Au début, je ne sens rien, juste une légère torpeur, puis, quelques maux de ventre, quelques nausées. Les chants commencent, il y a aussi du tambour. La lumière est tamisée. Mon mode de pensée se met à changer doucement, se faisant plus clair. Une certaine « ivresse », indescriptible et légère, je vois la peau d’un serpent (avec des écailles fluo) fondre en surimpression sur toute la pièce… ! Ça continue comme ça pendant un bon moment, et j’ai une sorte de révélation : à l’instant où la pensée (tout juste naissante) se tapit dans mon esprit, une sorte de projecteur (la conscience ?) l’éclaire en grand et la met en évidence !!! Une vraie prise de conscience. Avec cet « outil », impossible par exemple de se laisser attraper par la peur ! Repérée dès qu’elle surgit, elle se volatilise d’elle-même ! J’ai l’impression de comprendre un peu ce que le Christ, Bouddha (et d’autres) ont tenté d’expliquer à l’humanité. Bref, j’use de ce « pouvoir » avec délectation, et cette découverte me rend euphorique. La cérémonie continue, jusqu’au moment où le chaman pousse un cri atroce !!!!!!! J’ai l’impression que quelque chose se déchire en moi, mais sur le coup, je n’y prête pas plus d’attention que ça. Le cri s’arrête, c’est le principal ! Ensuite, on nous distribue des instruments très simples (tambour, sifflets, maracas, etc.). Petit à petit, les sons se superposent harmonieusement, et nous faisons tous UN. C’est beau, certainement le meilleur moment dans la cérémonie, dont la première partie prend fin au bout de trois heures environ.

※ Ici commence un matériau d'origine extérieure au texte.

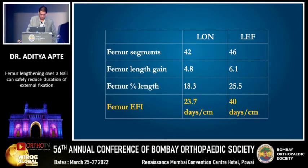We compared this series of lengthening over a nail in 42 patients with a similar case-matched series of lengthening over an external fixator that we were doing earlier. We found that the external fixation index was significantly less — just 23 days — when you lengthen over a nail.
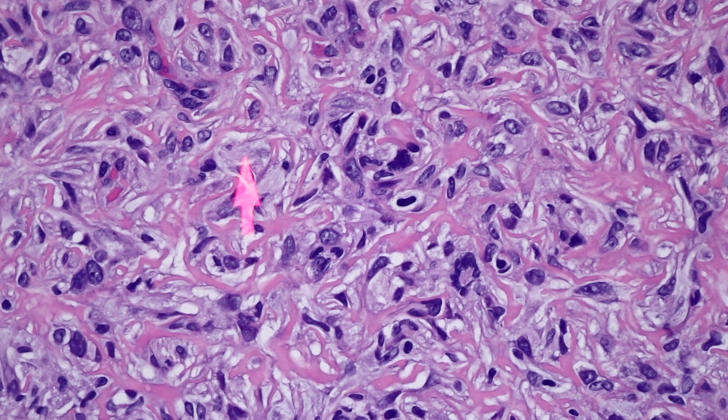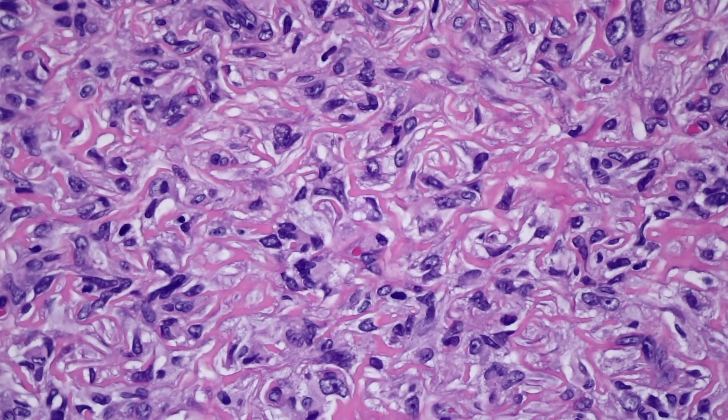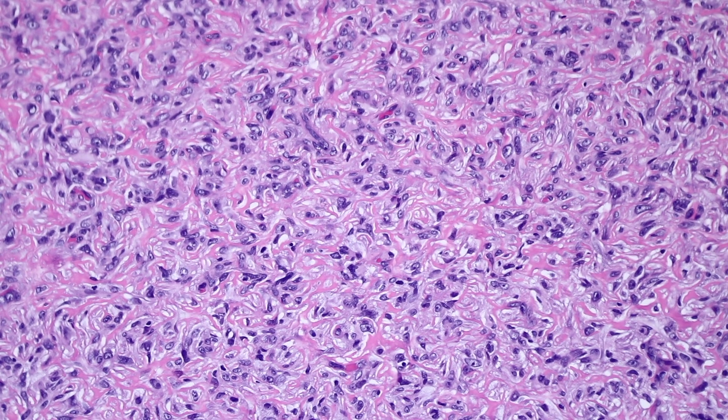Notice the abundant cytoplasm that's very pale - a lot of the cells have foamy cytoplasm. This is what we call the lipidized subtype of Dermatofibroma, and they tend to occur at the ankle or the lower leg, which is where this lesion was from - also known as ankle-type Dermatofibroma. Ankle-type or lipidized Dermatofibromas have these rings and arches of real dense pink collagen and a lot of foamy cytoplasm. It can be so abundant that some areas look very similar to xanthoma.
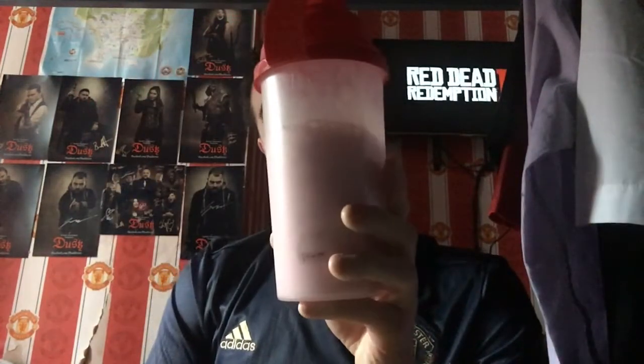Hopefully it'll be drinkable. You know the drill, guys — this is my verdict thumb. If I don't like it, it's a thumbs down; if I do like it, thumbs up. So without further ado, let's try the Raspberry Ripple flavoured protein shake with milk.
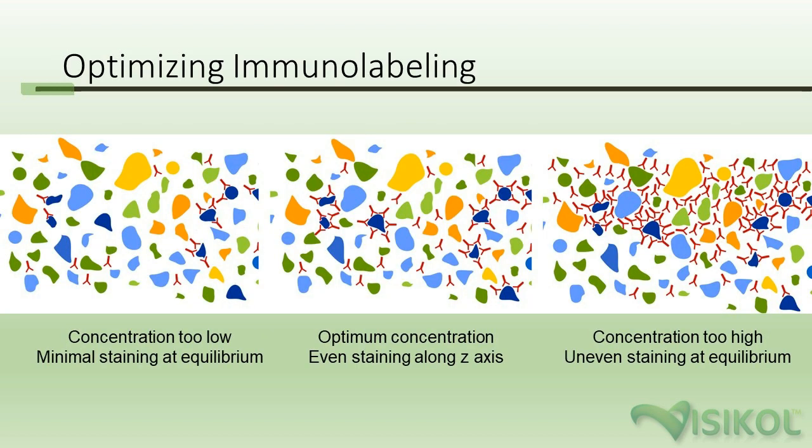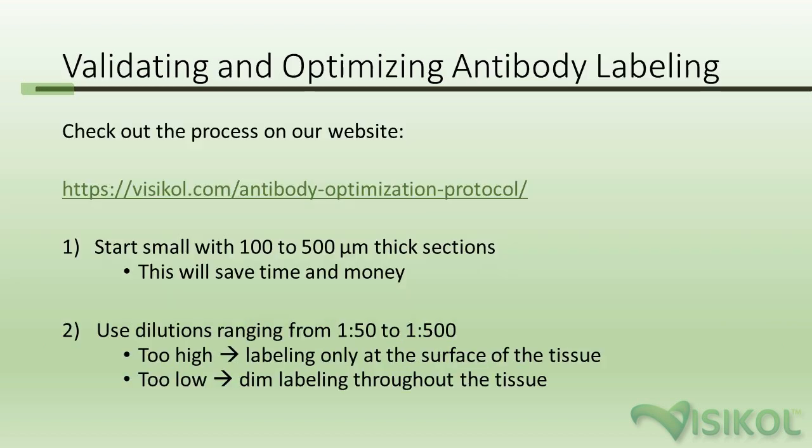Optimizing immunolabeling is a balancing act — you don't want to go too low or too high. Going too high on concentration means antibodies will tend to get stuck on the outside of your tissue, creating a dense ring around the periphery with no labeling in the interior. Use dilutions between 1:50 and 1:500 and optimize based on whether labeling is only on the surface or very dim throughout. You can find a step-by-step antibody optimization protocol at visicol.com/antibody-optimization-protocol.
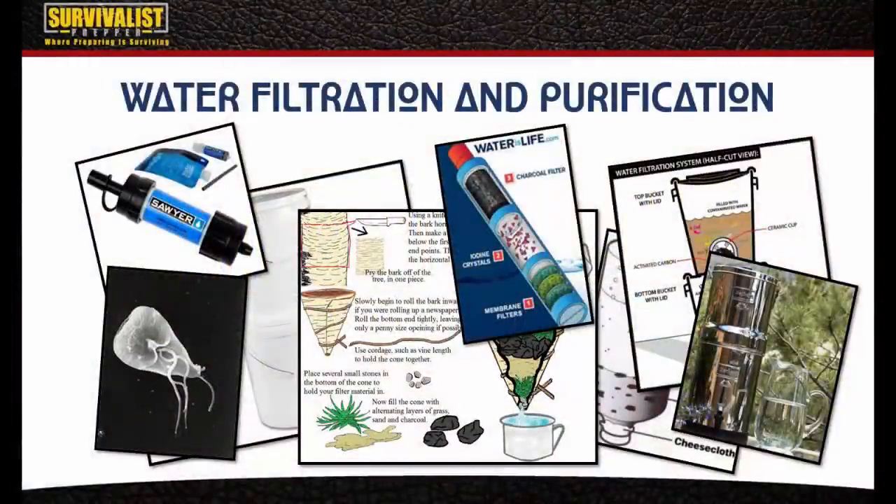Hello everyone and welcome to this video about filtering water and purification. Before we get into what filtering water actually does, if we don't have any of these fancy gadgets like a LifeStraw, a Sawyer filter, or Aquamira, I want to talk about what exactly filtering does. Filtering takes out the bacteria and parasites like Cryptosporidium, but it's important to understand how filtering works and what all these different materials do.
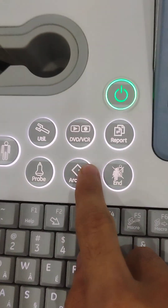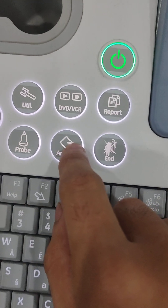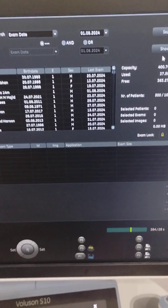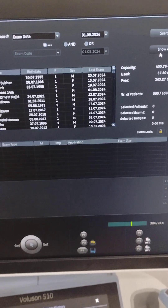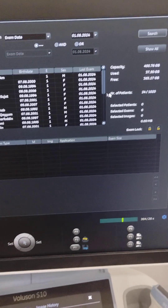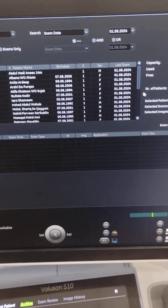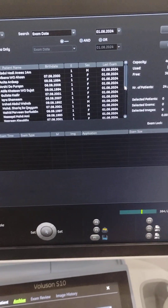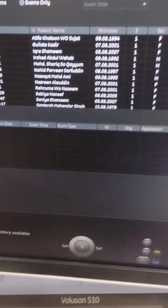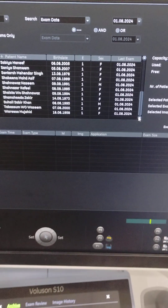You just use these buttons. This is the archive button. When you press this archive button, there comes the list of all the patients who have been diagnosed. You go here and search, and then you just drag down like this. This is how you search any patient, any particular name of a patient.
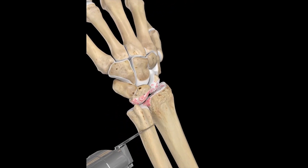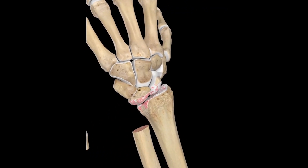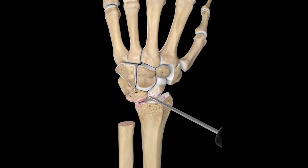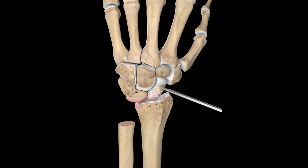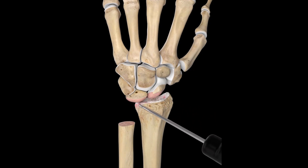The distal radial ulnar joint is the distal joint between the radius and the ulnar bone. Replacement of the distal radial ulnar joint following ulnar head resection is a procedure used in patients suffering from rheumatoid or post-traumatic arthritis.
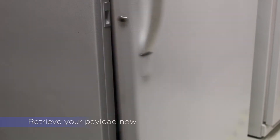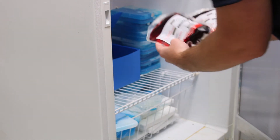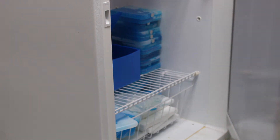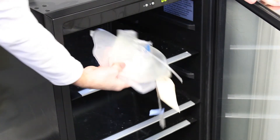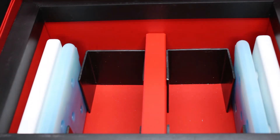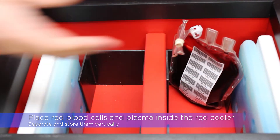Now you will retrieve your payload. The red blood cells and plasma will go into the red cooler. Place them into their container slots vertically.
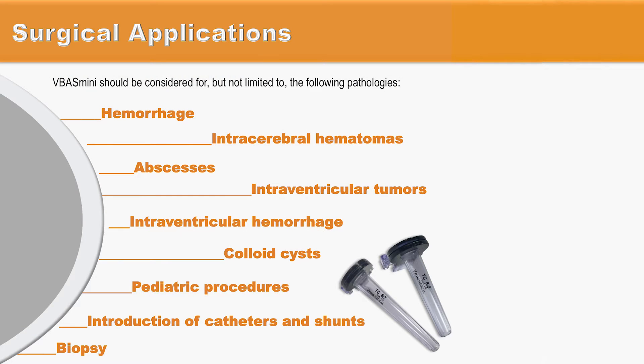The VBUS Mini can be used for a wide variety of pathologies, including hemorrhage, intracerebral hematomas, abscesses, intraventricular hemorrhage, intraventricular tumors, cholecyst, introduction of catheters and shunts, and also for biopsy.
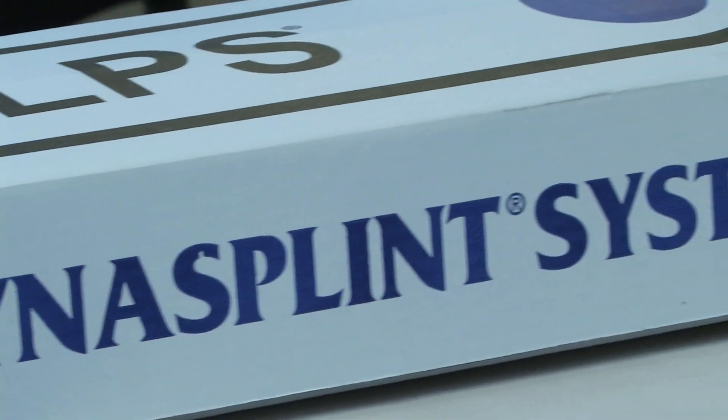I started using Dynasplint about seven years ago when I first learned about it. And one of the things that most impresses me is the customer service. I call or fax in the patient information, and within hours I have a call back. They're setting up appointments and contacting the patient. I have to do very little other than that initial contact. Every representative I've ever worked with is very good at explaining how and what to do. It makes the patient comfortable with using it. That's why I use Dynasplint as my preferred company of choice to help my patients regain functional range of motion through their dynamic splinting system.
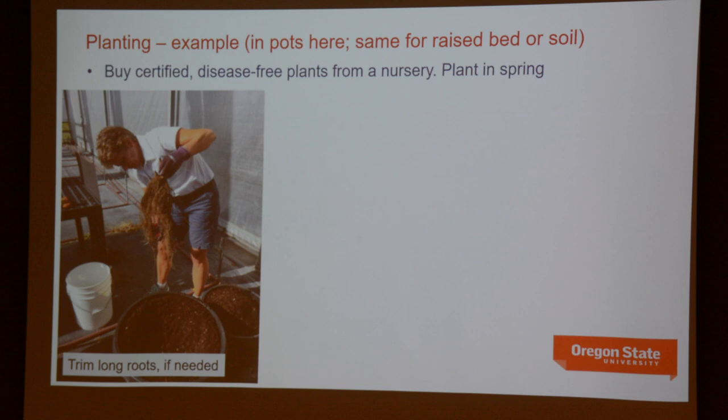As a planting ages, there's always the possibility that it is virus-infested, which means it's already compromised in terms of vigor. It's far better to buy plants from a nursery that are virus-free, healthy, and free of potential disease problems like Phytophthora root rot. You also get your choice of cultivars — your neighbor may or may not remember what they actually have. Buy certified disease-free plants from a nursery and plant in spring.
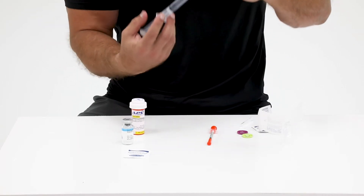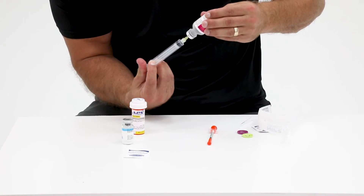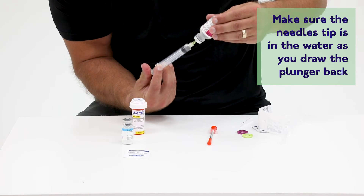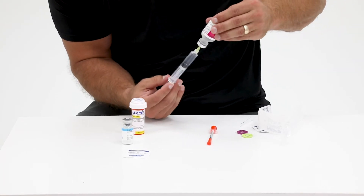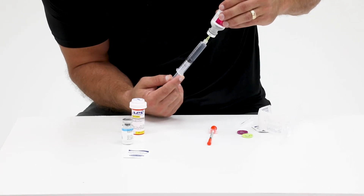Once the needle is inside, flip the vial upside down and push the plunger all the way to transfer the air from the syringe into the vial of bacteriostatic water. Then pull back the plunger to transfer the prescribed amount of bacteriostatic water into the syringe.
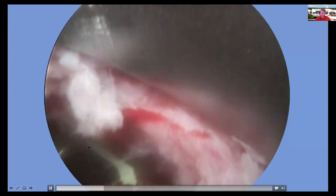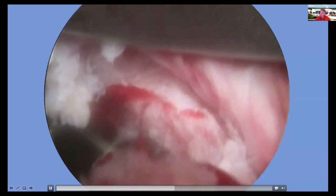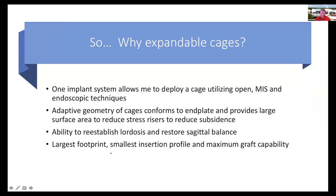Here is an interlaminar case with the FlareHawk 7 deployed. As you withdraw the retractor tube, you can see how the dura was retracted. I demonstrated one implant system that allows me to deploy a cage using open, MIS, and endoscopic techniques based upon what's best for the patient — there isn't one technique that's best for all patients, and I like to have options. The concept of the adaptive geometry of the cages conforms to the end plates to give you a lot of surface area that reduces the risk of subsidence, and expandable cages give you the opportunity to restore lordosis and sagittal balance while putting the largest cage possible in with the smallest insertion profile.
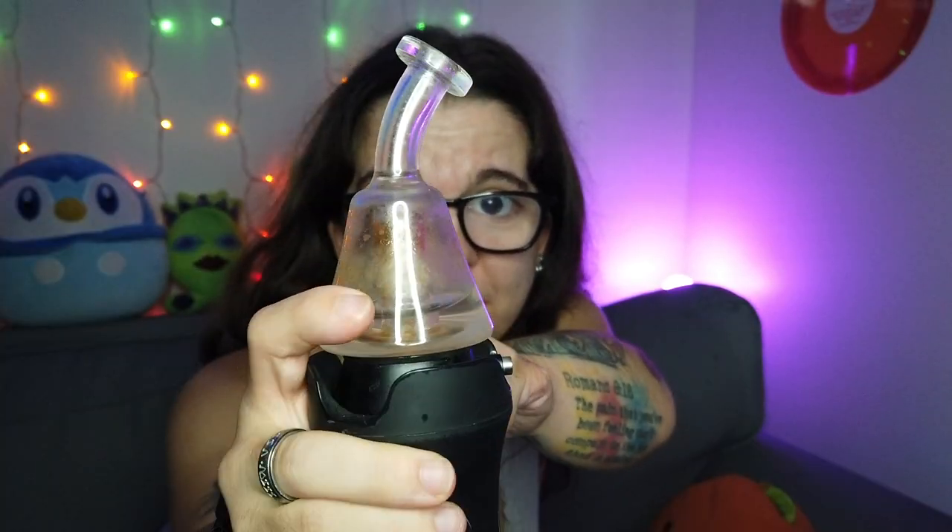But what else happens when you don't clean your rigs and your glass besides health problems? Your functionality of your pieces will start to decrease as more gunk and biofilm build up over time. This biofilm and bacteria buildup will also cause your taste to turn — it'll hit harsher and it won't be preserving the flavor as much as you wish. So why do people struggle with keeping their glasswork clean? Look at mine — that's not clean at all, that whole centerpiece is amber.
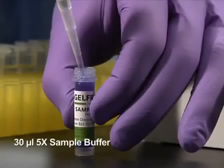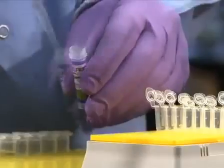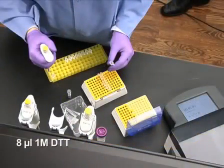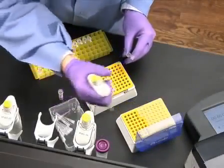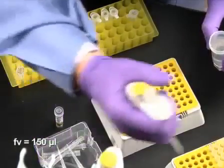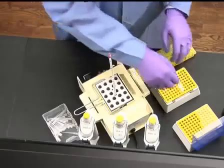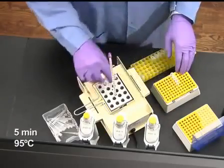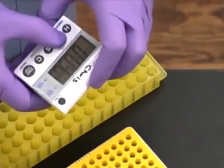Next, add 30 microliters of 5x sample buffer, which is provided in the gel-free cartridge kit, to each protein sample. Add 8 microliters of 1 molar DTT, then adjust each sample with water to a final volume of 150 microliters. Then heat the vials for 5 minutes at 95 degrees Celsius to denature the sample.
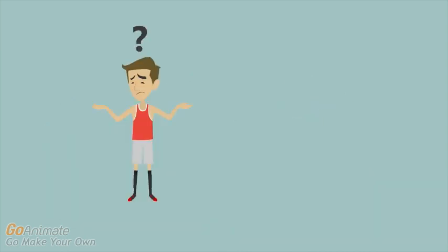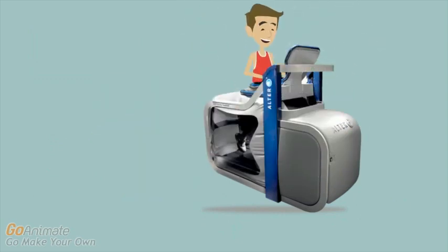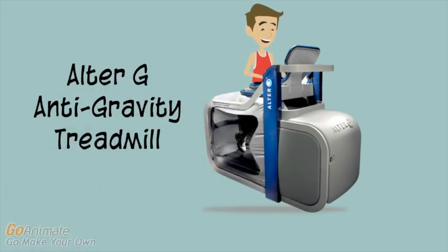A treadmill was developed that uses differential air pressure to unweight the lower body and allows for progressive loading. This technology was then licensed to Alter-G in 2005, and since then has been used to rehabilitate a wide range of patients.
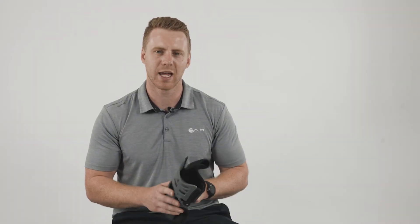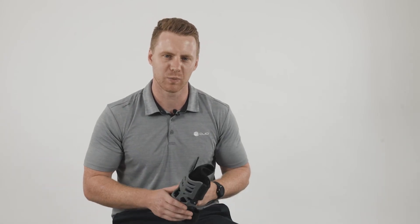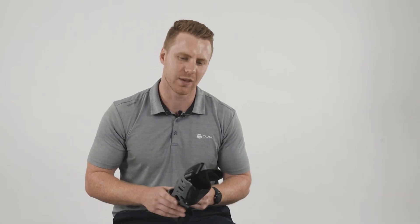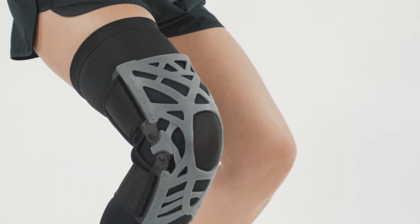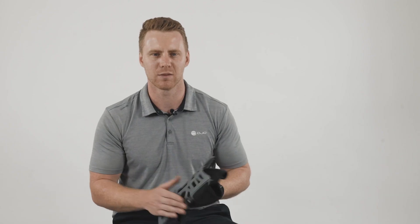Like most of our knee braces, we have quite a lot of research data to support the clinical efficacy. Feel free to get in touch and we'll be more than happy to share those research articles with you. The Reaction Knee Brace in particular has already been used by a number of our clinicians, often as an adjunct to rehabilitation programs to help their patients return to their previous level of activity. Thank you.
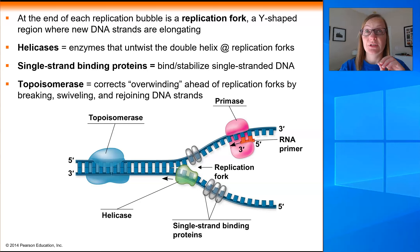So far we've only talked about a couple of the players in this process of DNA replication. We've talked about the helicase that unzips the parental DNA strands, the single strand binding proteins that stabilize single-stranded DNA, and the topoisomerase which will correct some of the overwinding of the DNA ahead of the replication bubble. But honestly, we haven't made any new DNA yet.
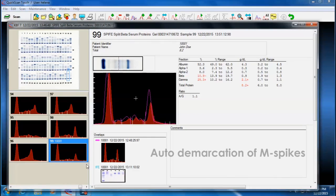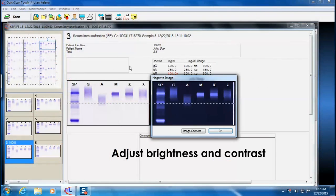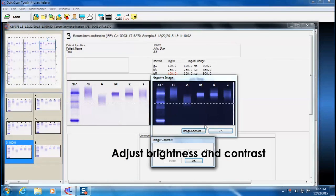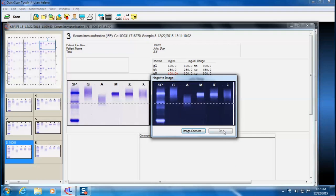To improve reproducibility from tech to tech, monoclonal M-proteins can be automatically demarcated. The option to adjust the brightness and contrast of pattern images, or even completely reverse pattern images, enhances visualization of immunofixed monoclonal proteins for easier interpretation.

On prépare maintenant le kambo. Le couple de chamans brûle de fins bâtons pour obtenir une braise avec laquelle ils feront de légères brûlures sur l’épaule ou la jambe, pour rendre la peau perméable et y étaler le venin. Ainsi, le passage dans le sang est très rapide, et il paraît que dès que le cerveau reçoit l’information, le corps l’interprète comme… la FIN. Impossible de raisonner, le corps te dit « c’est fini, tu vas claquer ». Un des premiers à le faire est un gaillard bien rôdé à l’ayahuasca, dont je vois le visage devenir verdâtre et s’affaisser… Puis il glisse (on était assis) et semble perdre connaissance, tout en vomissant. Le « staff » s’occupe de lui pour ne pas qu’il avale son vomi et s’étouffe ! Franchement, j’ai aucune envie de prendre ça. Je le dis. On m’explique que l’aya est comme une bombe qui rase tout mais laisse un trou béant, et que le kambo agit lui comme un pansement. Tant pis, pas de pansement pour moi. Vers 4 heures du mat’, tout le monde va se coucher puis le lendemain, réveil assez tôt, petit déj’ en mode « discussions passionnées sur les révélations de la veille », et départ. Je redécolle vers midi avec le même « pilote » qu’à l’aller. Le trajet du retour est assez silencieux, la fatigue aidant.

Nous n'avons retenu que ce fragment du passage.